Patients with high CV risk who adhered to a Mediterranean diet that was supplemented with nuts or extra-virgin olive oil had fewer major CV events compared with those who adhered to a reduced fat diet, according to the PREDIMED study.
“Our findings support a beneficial effect of the Mediterranean diet for the primary prevention of cardiovascular disease,” Ramon Estruch, MD, PhD, senior consultant at the internal medicine department of the Hospital Clinic (Barcelona) in Spain and associate professor at Barcelona University, and colleagues wrote.
Results were similar after exclusion of patients for whom there may have been protocol violations.
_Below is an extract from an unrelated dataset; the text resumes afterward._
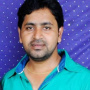 Sekhar Muthyala Telugu Director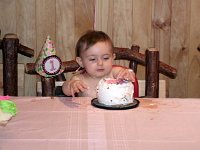 photos2011000065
Researchers analyzed data from 7,447 patients from the PREDIMED study who were free from CVD at enrollment and had either type 2 diabetes or at least three major risk factors: hypertension, smoking, low HDL, elevated LDL, overweight or obesity, or a family history of premature CHD. Women were aged 60 to 80 years, and men were aged 55 to 80 years.
Patients were assigned a Mediterranean diet supplemented with nuts (n = 2,454; mean age, 67 years; 54% women), a Mediterranean diet supplemented with extra-virgin olive oil (n = 2,543; mean age, 67 years; 59% women) or a control diet (n = 2,450; mean age, 67 years; 60% women). All groups attended dietary training sessions at baseline and quarterly thereafter, in addition to completing questionnaires on diet adherence during each session. Those in the control group also received a leaflet with information on a low-fat diet annually.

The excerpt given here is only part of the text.